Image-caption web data
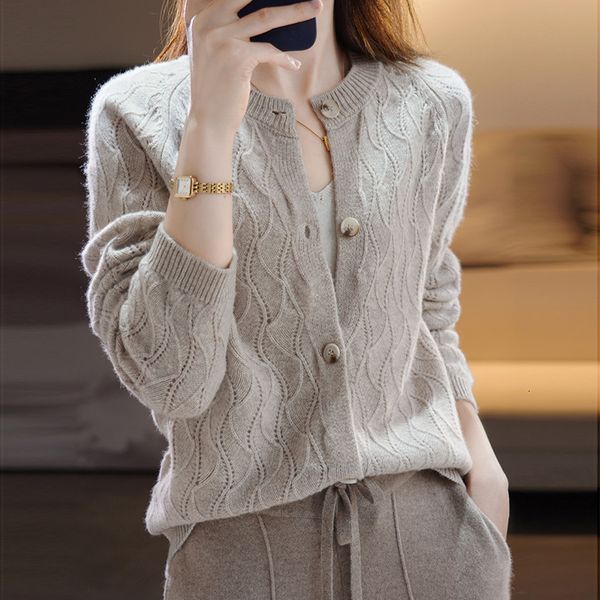 

women's knits tees autumn and winter 100 wool female round neck hollow knit cardigan loose and versatile fashionable comfortable warm s, White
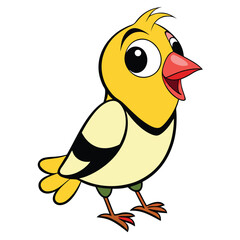 Happy cartoon yellow bird character seems cheerful with a friendly face expression standing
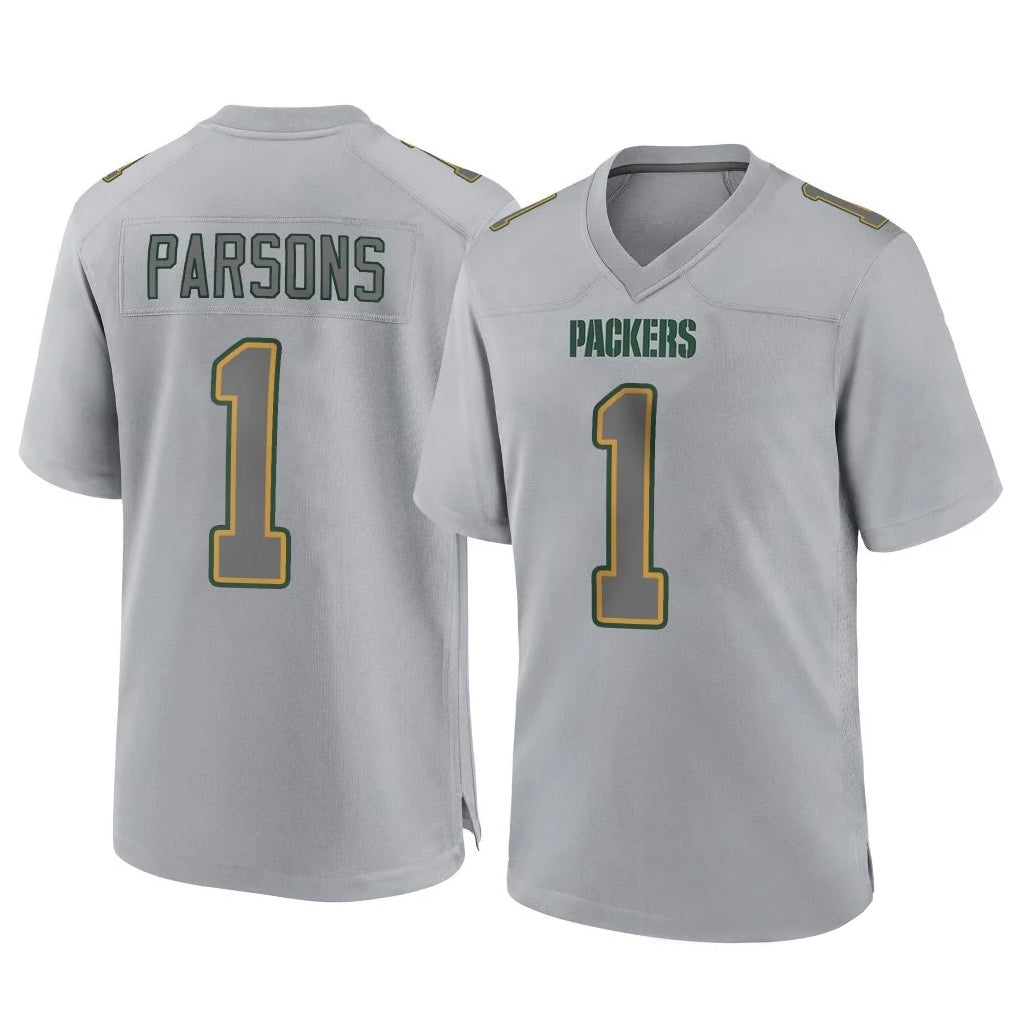 tocy GB.Packers #1 Micah Parsons Player Gray Atmosphere Fashion Home Game Stitched Jerseys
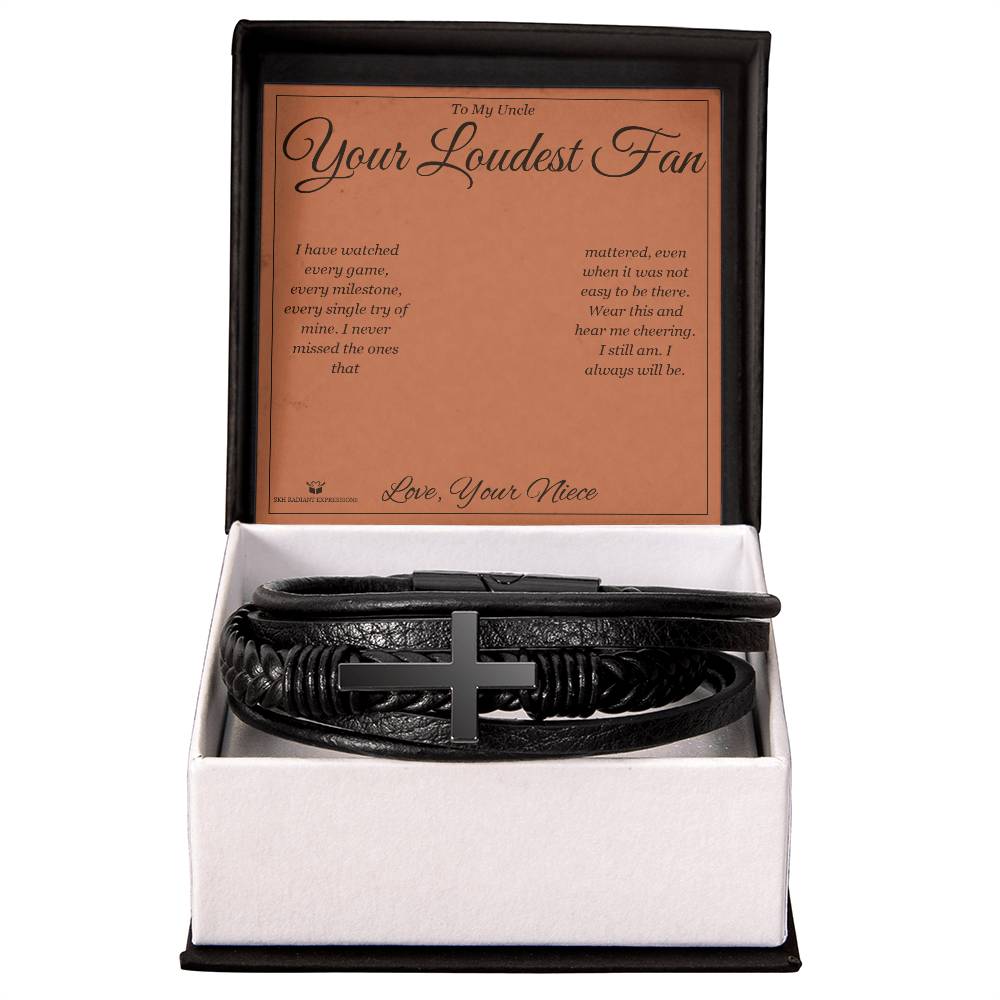 Your Loudest Fan - Men's Cross Bracelet for Uncle - personalized keepsake gift from SKH Radiant Expressions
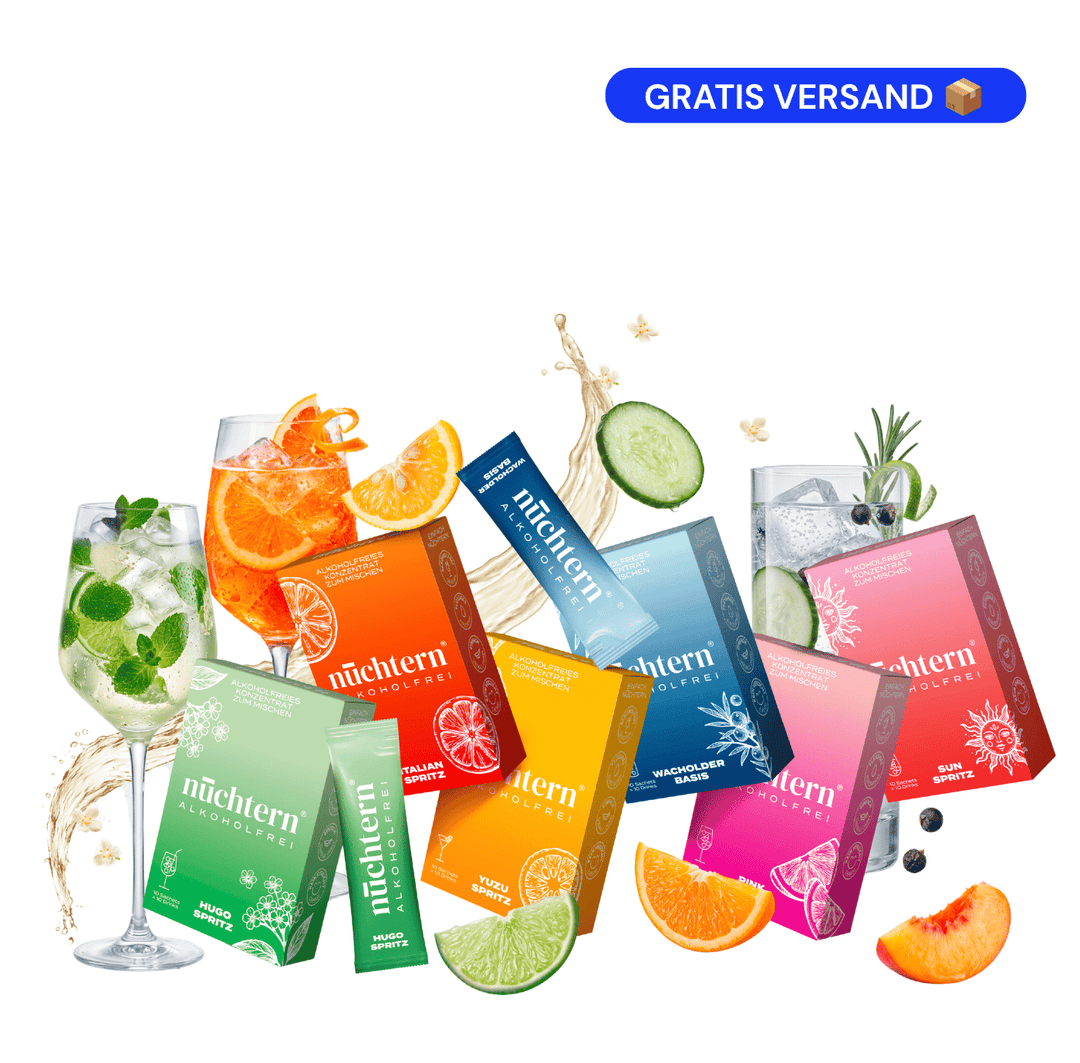 nüchtern Allrounder Paket Alkoholfrei – 60 Drinks (Wacholder Basis, Italian, Hugo, Yuzu, Pink und Sun Spritz)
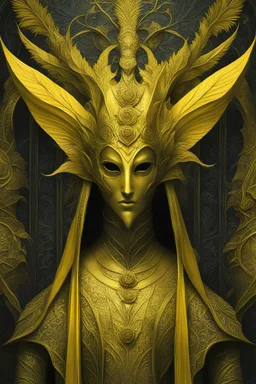 the king in yellow wearing the pallid mask, highly detailed digital concept art in the style of enki bilal lord of the rings William Morris art deco dante Gabriel rosetti, 4k, raster electron microscope, beksinski giger scorn, primordial statues, dystopian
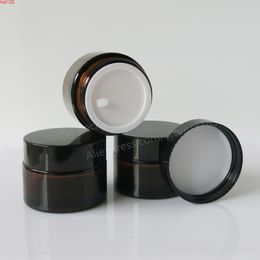 Frasco de creme de vidro âmbar 200 x 30G com tampa preta, frasco com boca de largura de 1 onça para uso cosmético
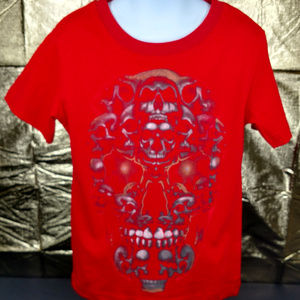 Little Monsters Skull Red Graphic Tee Sz 6 T-Shirt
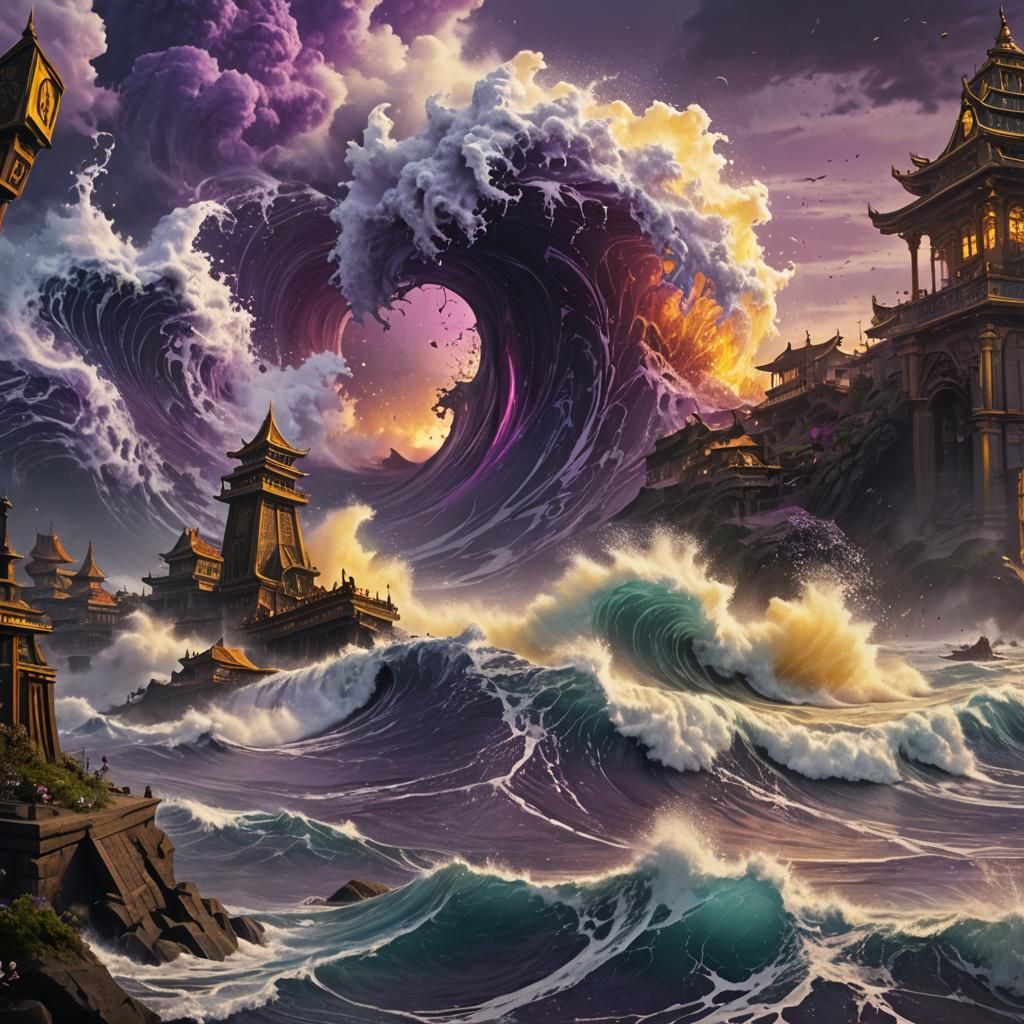 Epic Tsunami in Dark Fantasy Style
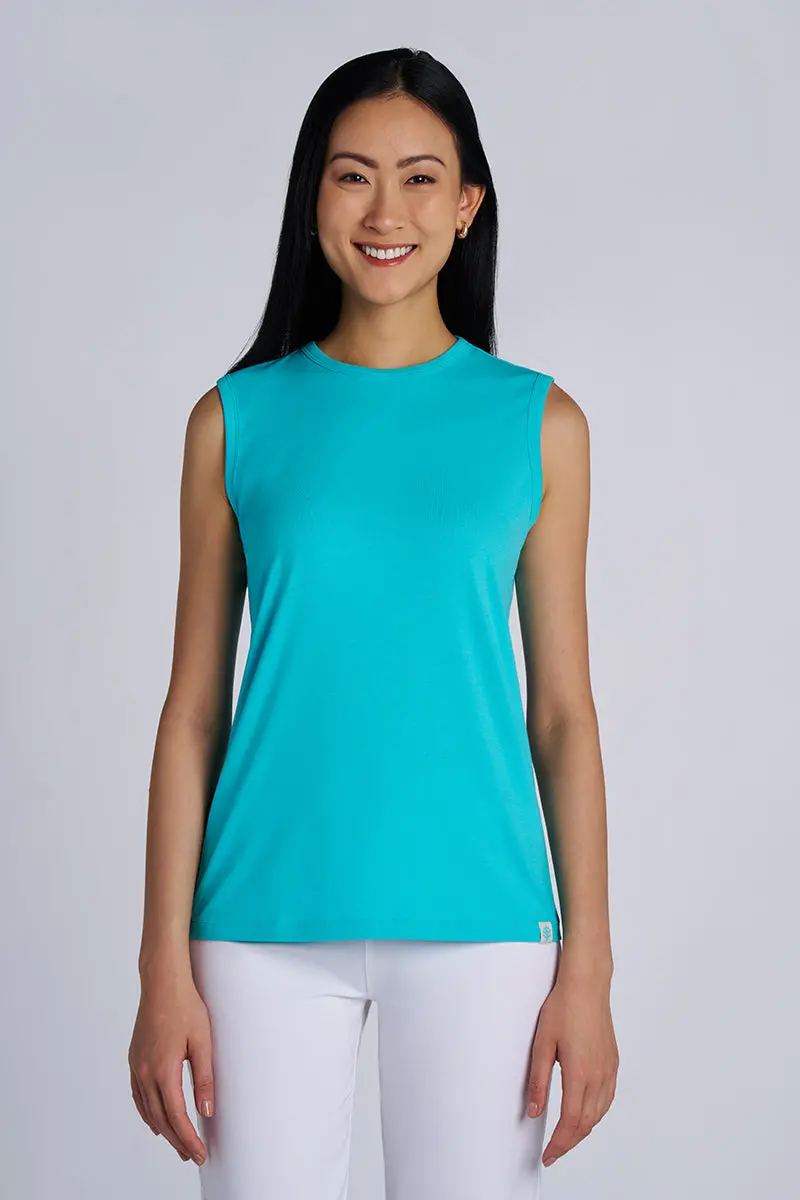 Women’s LumaLeo High-Neck Cooling Tank Top in Coolibar Blue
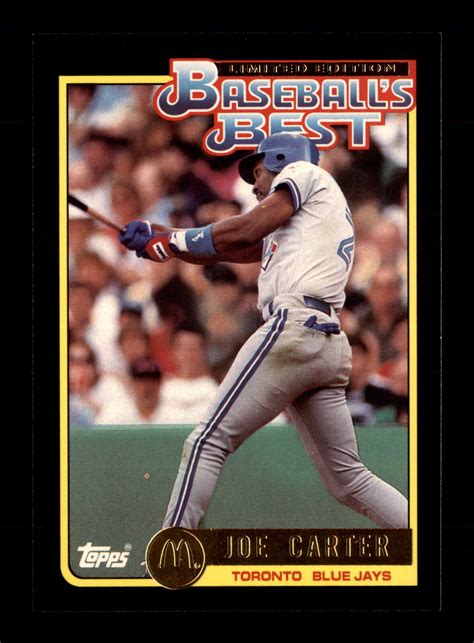 1992 Topps McDonald S Baseball S Best 29 Joe Carter Toronto Blue Jays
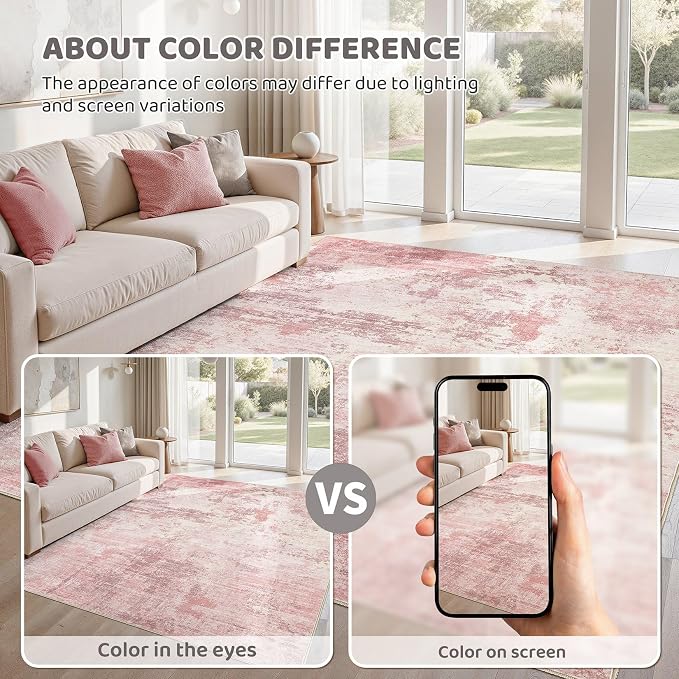 UERMEI 6x9 Area Rug Living Room Rugs - Washable Neutral Modern Abstract Soft Thin Large Rug Indoor Floor No Slip Rug Carpet for Bedroom Under Dining Table Home Office Decor - Pink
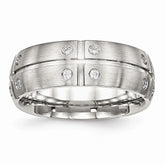 Sophia Jewelers Stainless Steel CZ Brushed Wedding Band 8mm Elegant Design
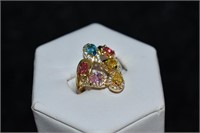 18kt Gold Plated Ladies Cocktail Ring Sz 7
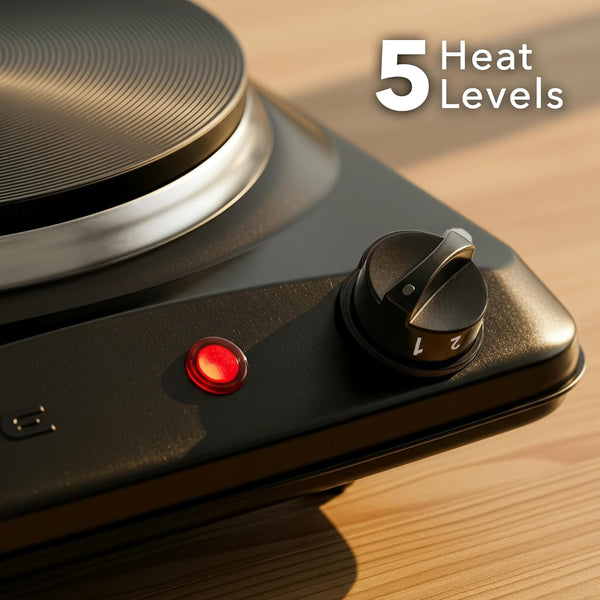 OVENTE Electric Countertop Single Burner, 1000W Cooktop with 7.25 Inch Cast Iron Hot Plate, 5 Level Temperature Control, Compact Cooking Stove and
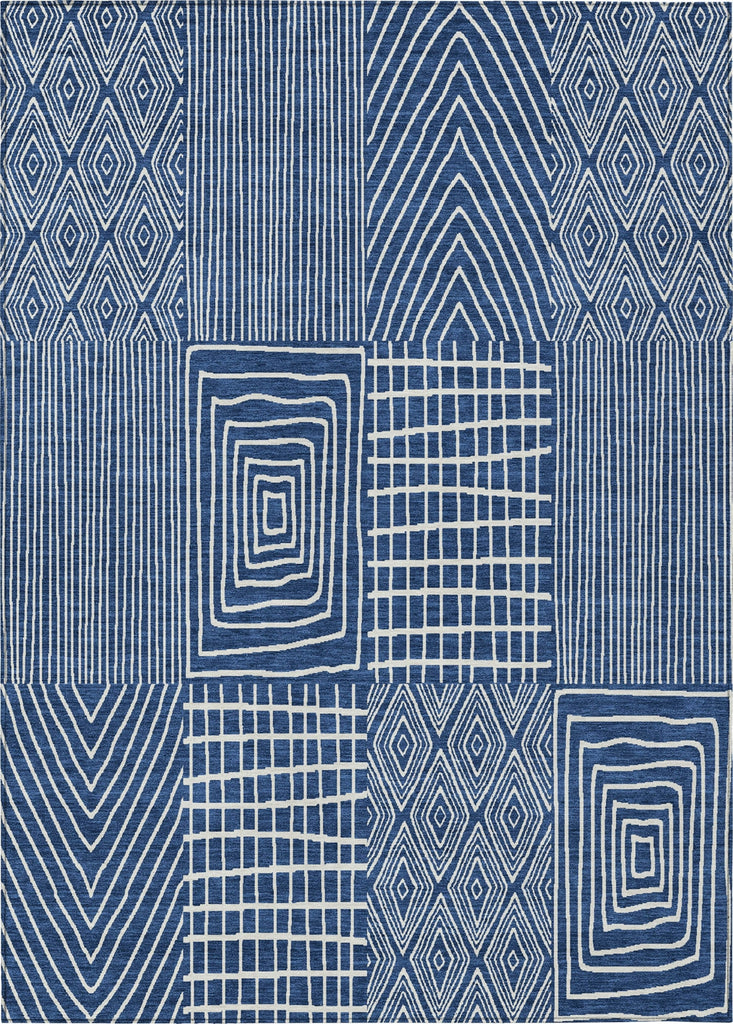 Piper Looms Chantille Geometric ACN990 Navy Machine Washable Area Rug main image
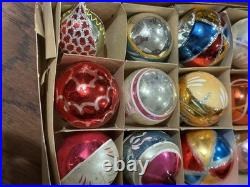 Vintage Fantasia Teardrop Indent Hand Painted Flower Glass Christmas Ornaments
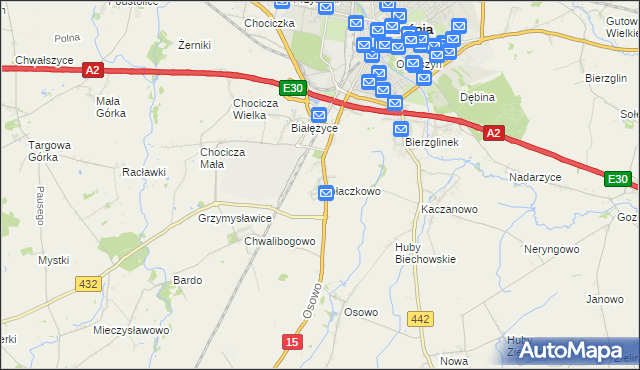 mapa Obłaczkowo, Obłaczkowo na mapie Targeo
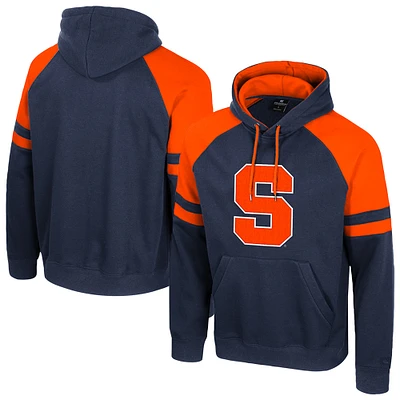 Men's Colosseum Navy Syracuse Orange Todd Raglan Pullover Hoodie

Exercise brief:
Reproduce exactly the lines of the entries above from the first through the line with "nüchtern Allrounder Paket", both included; pictures should not be reproduced.

Answer section:
women's knits tees autumn and winter 100 wool female round neck hollow knit cardigan loose and versatile fashionable comfortable warm s, White
 Happy cartoon yellow bird character seems cheerful with a friendly face expression standing
 tocy GB.Packers #1 Micah Parsons Player Gray Atmosphere Fashion Home Game Stitched Jerseys
 Your Loudest Fan - Men's Cross Bracelet for Uncle - personalized keepsake gift from SKH Radiant Expressions
 nüchtern Allrounder Paket Alkoholfrei – 60 Drinks (Wacholder Basis, Italian, Hugo, Yuzu, Pink und Sun Spritz)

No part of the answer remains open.